Low-dose lithium lowers involuntary motor movements in mouse model of Parkinson's disease

Low-dose lithium reduced involuntary motor movements - the troubling side effect of the medication most commonly used to treat Parkinson's disease (PD) - in a mouse model of the condition that is diagnosed in about 60,000 Americans each year. The third in a series of studies from the Andersen lab involving PD and low-dose lithium, the results add to mounting evidence that low-doses of the psychotropic drug could benefit patients suffering from the incurable, degenerative condition.

This study, published online in Brain Research, involved Parkinsonian mice that were given Carbidopa/Levodopa (sold as Sinemet®), a drug used to boost levels of the neurotransmitter dopamine, which is lost in PD. While the medication remains the single most effective agent in the management of PD symptoms, long-term use causes its own side effects, among them abnormal involuntary movements or AIMS. Buck professor and senior scientist Julie Andersen, PhD, says AIMS become problematic for 30 percent of patients after four to six years of treatment with Sinemet, with 90 percent of patients suffering from the complication after nine years of chronic use. "For patients these side effects are just as devastating as the freezing that is associated with PD." "In our mice we saw significant behavioral improvement."

In this study, Andersen and her team dosed the mice with an amount of lithium equivalent to about a quarter of what humans receive for the treatment of psychiatric diseases. Researchers found that lithium boosted the expression of tyrosine hydroxylase which increases dopamine synthesis via the inhibition of calpain-1, an enzyme that normally reduces dopamine synthesis.

In earlier studies, Andersen's team found that low-dose lithium was protective in two different mouse models of PD. Treatment in mice with a human mutation for PD began when the animals reached late middle-age, the human equivalent of about 60, which is the average age of onset of Parkinson's in humans. "We clearly saw a prevention of the motor difficulties we would expect to see in the animals," said Andersen. "The treatment also protected the area of the brain that is normally damaged by Parkinson's."

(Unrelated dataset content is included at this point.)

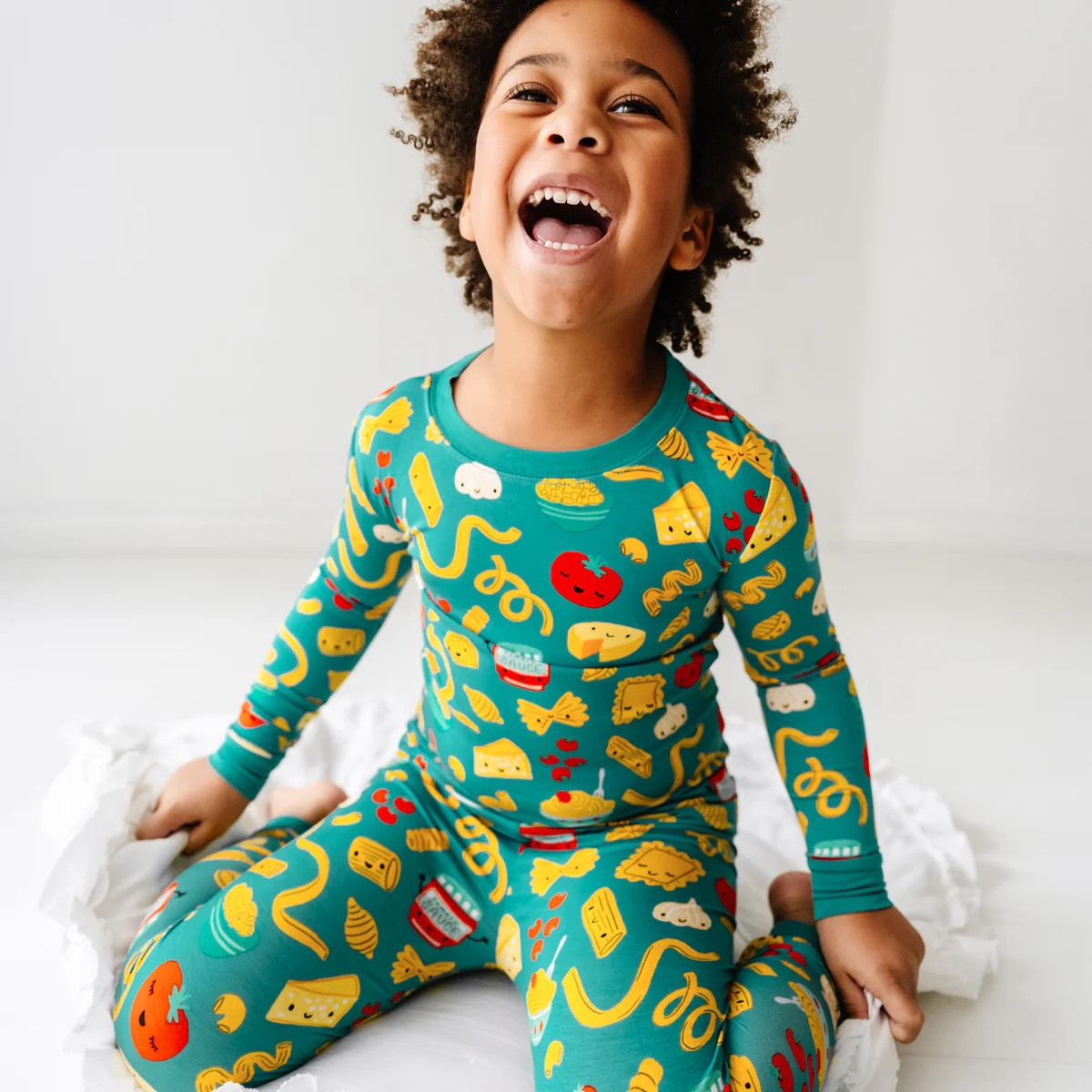 Pasta Party Two-Piece Pajama Set | Little Sleepies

Plans for a clinical trial of low-dose lithium for PD patients are in early stages. "This study suggests potential therapeutic benefit in PD," said David K. Simon, MD, PhD, Associate Professor of Neurology at Harvard Medical School in Boston. Simon chairs the Scientific Review Committee for the Parkinson's Study Group, a not-for-profit network of Parkinson's Centers. "One caveat is that other agents that have shown clear efficacy in this model of PD have subsequently failed to show benefit in clinical studies in PD (e.g. CoQ10, creatine, and pioglitazone). However, this study provides additional evidence on top of prior work from Dr. Andersen's lab and others that lithium may have therapeutic potential in PD, which is a hypothesis that should be tested in clinical trials," he said.

Lithium is a naturally occurring element, not a 'developed' molecule like most medications. It was approved by the FDA for the treatment of bipolar disorder in 1970 and has shown to be effective for treating mood disorders and suicidal thoughts. Previous studies suggest that at low doses lithium has a protective effect in other neurodegenerative diseases including Alzheimer's and Huntington's.